Collapse of the I-35 Bridge – August 1, 2007 - Cause Map
Summary:

On August 1, 2007 at 6:05 p.m., the Interstate 35 bridge over the Mississippi River in Minneapolis, Minnesota (officially Bridge 9340) collapsed with no warning, killing 13 people and injuring 145. The bridge was designed in 1961, built starting in 1964, and opened in 1967. Since 1991, the bridge has been rated "structurally deficient" due to a "poor" superstructure rating. The National Transportation Safety Board (NTSB) Highway Accident Report was finalized on November 14, 2008.
We will use the information found in the NTSB's investigation to build a Cause Map, or a visual diagram showing the root cause analysis relationships. There are three steps to the Cause Mapping process: 1) Define the problem, 2) Conduct the analysis, and 3) Identify the best solutions. We will work through each step in detail below.
Step 1. Define the Problem
The first step of the Cause Mapping approach is to define the problem. First we ask four basic questions: What is the problem? When did it happen? Where did it happen? And how did it impact the goals?

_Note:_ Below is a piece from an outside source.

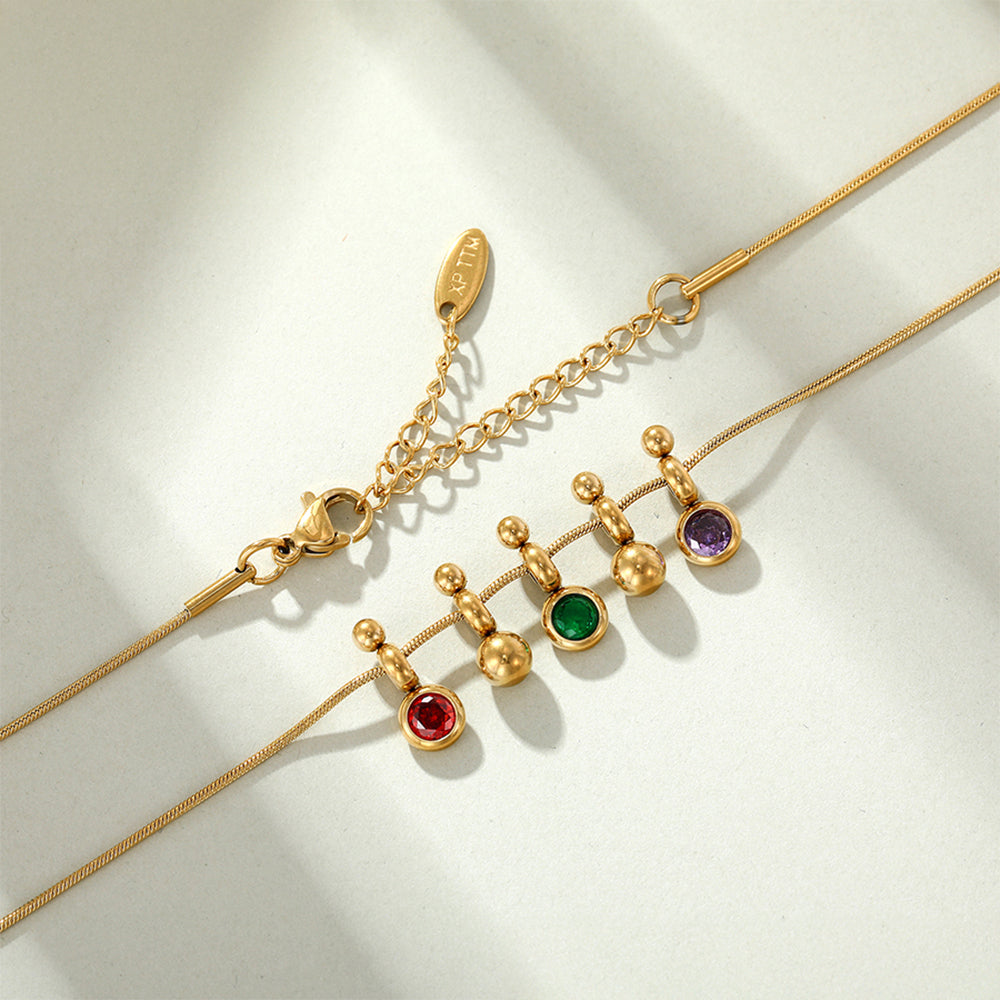 Pozlacený Slitinový Náhrdelník se Zeleným Emporia® Křišťálem a Červeným Emporia® Křišťálem 5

There may be differing opinions on "what" the problem is. Here, one person may say that the problem was the bridge collapsed. Another person might say that the problem was a design flaw; another may say it was that the bridge was overloaded and a fourth could say that the problem was that there was a loss of life. These are all "problems" and they are all related to the bridge collapse, so we write down the four “problems” on the first line. There is no need to spend time debating what the "problem" is. The magnitude of this incident is defined by the impact to the goals.
The second question is the "when", or the date and time of the incident. Thanks to security cameras and traffic monitoring, we are able to pinpoint the exact time when the bridge began to fall (6:05 p.m. on August 1, 2007). Additionally, we capture the "differences". The question of what was different is fundamental in any investigation. At the time of the collapse, it was evening rush hour, and there was roadwork underway on the bridge.
Next is the "where". Where can be defined several ways - the geographical location (Minneapolis, Minnesota), the specific unit (Bridge 9340), or the process (crossing the Mississippi River).
We've now filled out the top half of the Outline (step 1), shown below.
The second part of the outline is the impact to the overall goals. Every organization has goals, which define the ideal state. Obviously, the goals depend on whose perspective the Cause Map is based on. Here we will look at the incident from the perspective of the State of Minnesota. From any perspective, there is an overall goal to have zero injuries. The bridge collapse resulted in 13 deaths and 145 injuries.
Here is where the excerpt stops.